Presumably, the relationship between the two lifnei iver components depends on the nature of the classic form of lifnei iver – aveira-enabling. If this form is prohibited because the aveira is being assisted and the enabler contributes to the eventual aveira, there is little similarity between this form of lifnei iver and providing damaging advice, as in the latter case, no aveira occurs. If, however, lifnei iver and enabling an aveira is prohibited because a halakhic hazard has been created (even in the absence of the ultimate aveira), there is commonality between creating a halakhic hazard and creating a personal hazard by offering harmful advice.
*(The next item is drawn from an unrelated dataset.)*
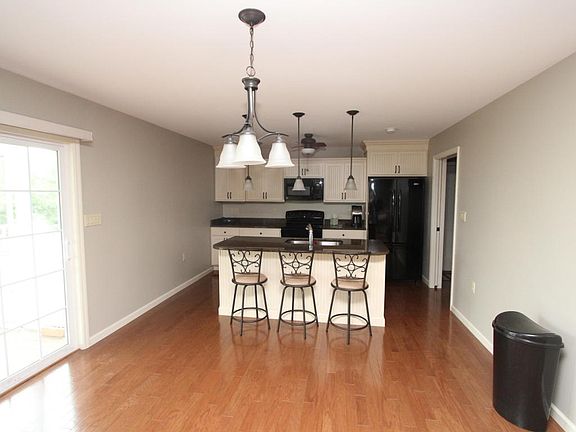 4th image of 525 Lake Dr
An additional offshoot of this question regarding the interaction between the two tracks of lifnei iver may concern the applicability of classic lifnei iver in the case of enabling a Rabbinic prohibition. If lifnei iver is defined as enabling an aveira, it would be legitimate to question whether enabling an issur de-rabbanan is severe enough to qualify as lifnei iver. If, however, enabling an aveira is forbidden just as providing harmful advice, as one has created a menace or a vulnerability, it would be more difficult to distinguish between a vulnerability to Biblical prohibition and a vulnerability to a Rabbinic one. Just as providing general harmful advice is forbidden, providing halakhically-entangling advice is problematic, whether the entanglement concerns a Biblical or a Rabbinic concern.
Yet a third interesting offshoot of the question of the interaction between the two tracks of lifnei iver surrounds the classification of lifnei iver as a lav she-bekhlalot, a prohibition containing many subcategories. Whenever a Torah prohibition generates multiple distinct prohibitions, no malkot are administered for violation. The classic example concerns the prohibitions associated with the pasuk, “Lo tochlu al ha-dam” (Vayikra 19:26), which yields multiple prohibitions. One prohibition concerns eating animal flesh prior to the animal’s death, a second prohibition forbids eating korban meat before the zerikat ha-dam, and a third limitation imposes a fast day requirement on judges on the day of administering a halakhic execution. This one pasuk generates multiple and unrelated halakhot and is thus defined as lav she-bekhlalot, which is exempt from malkot.
The Rambam (Sefer Ha-Mitzvot, shoresh 9) claims that lifnei iver is also a lav she-bekhlalot, since it generates multiple different prohibitions. Since this one pasuk generates a prohibition to assist an aveira as well as a separate prohibition against providing harmful advice, it is considered a lav she-bekhlalot and does not yield malkot. Presumably, the Rambam viewed the two branches of lifnei iver as distinct; had he viewed them as integrated, perhaps lifnei iver would not be classified as a lav she-bekhlalot. Perhaps this view of lifnei iver is based on defining the classic lifnei iver as aveira-enabling, and therefore unrelated to the component of delivering harmful advice.